E la dilazione non induce all’ottimismo. Anzi. Ci fa pensare alle ragioni del libro-denuncia Pace e castigo. Le guerre segrete della politica e della giustizia internazionale della giornalista francese Florence Hartmann, ex inviata di Le Monde in Bosnia. Arrestata nel marzo dello scorso anno, in occasione della condanna a Karadžić, si è trovata nella situazione surreale di essere rinchiusa proprio vicino alla cella di Mladić (nella foto). L’accusa era quella di avere rivelato gli accordi segreti che il Tribunale penale per la Ex-Jugoslavia (Tpij) avrebbe fatto con la Serbia in cambio di documenti vitali per alcuni processi come quello di Milošević. Questo spiegherebbe i mancati ergastoli ai responsabili dei crimini in Bosnia.

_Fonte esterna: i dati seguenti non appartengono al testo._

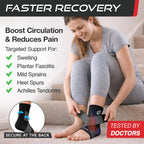 Sleeve Stars Ankle Brace for Women & Men, Ankle Wrap for Sprain, Compression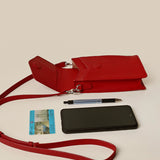 Walker Vegan Leather Mobile Sling Ruby Lifestyle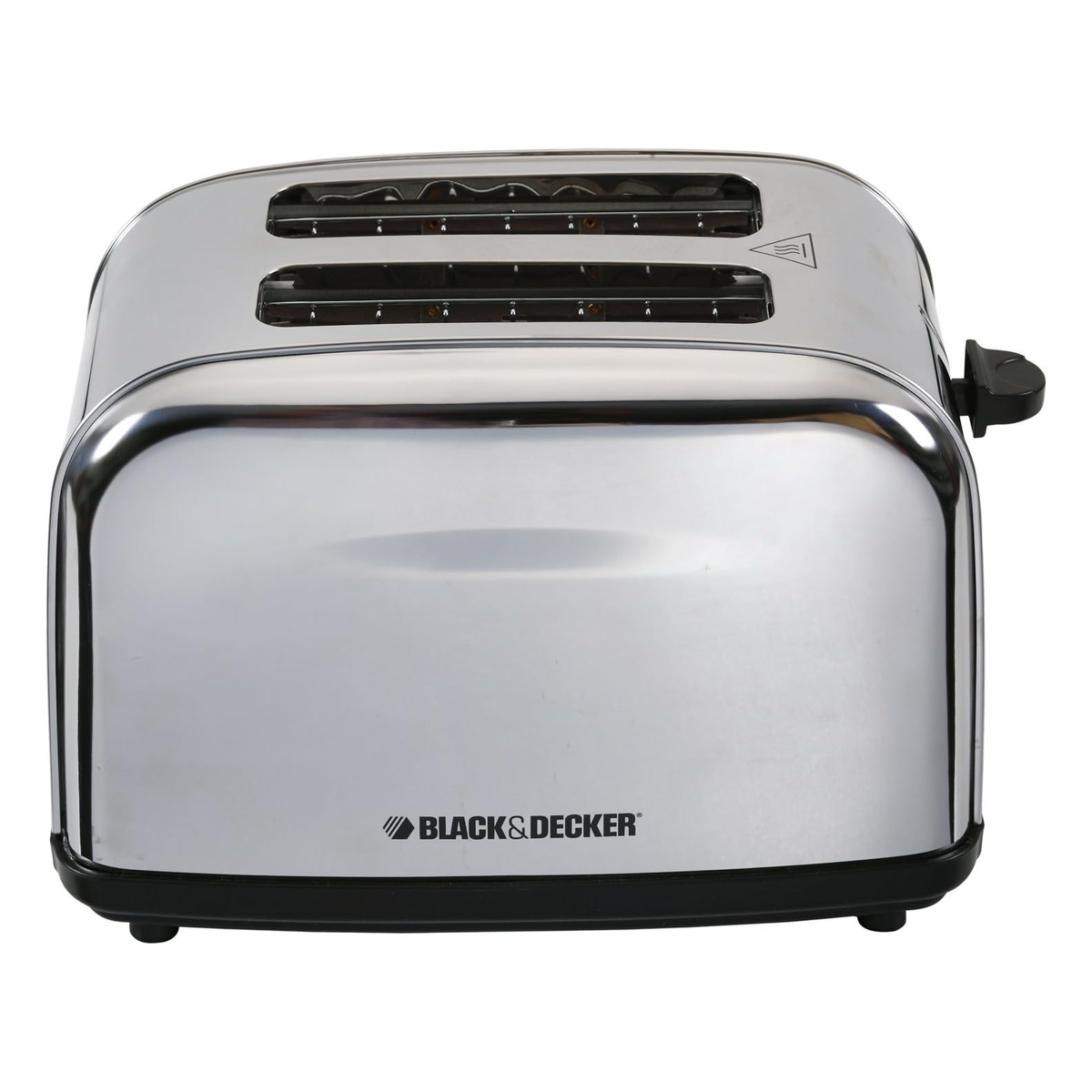 حماصة خبز 2 شريحة من الستانلس ستيل قوة 1050 واط ماركة Black & Decker حماصة خبز 2 شريحة من الستانلس ستيل قوة 1050 واط ماركة Black & Decker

Nel caso di Mladić, però, non si può e non si deve venir meno a una sentenza obbligata, come ha ben evidenziato il procuratore Alan Tieger al termine della sua requisitoria: «Qualunque condanna diversa da quella massima prescritta dalla legge – l’ergastolo – sarebbe incompatibile con la prassi del tribunale, un insulto alle vittime, vive o morte, e un affronto alla giustizia». Se la corte internazionale, che di fatto rappresenta l’Europa (la cui immagine esce già assai compromessa da queste vicende), non comminasse a Mladić la pena massima, compirebbe un oltraggio non solo nei confronti dei caduti e delle loro famiglie, ma un oltraggio nei confronti dell’intera umanità. Perché «ciò che avvenne a Srebrenica durante quei giorni del luglio 1995 – come ha scritto bene Emir Suljagić (in Cartolina dalla fossa. Diario di Srebrenica, Beit, Trieste, 2010) – è uno dei peggiori tradimenti del genere umano».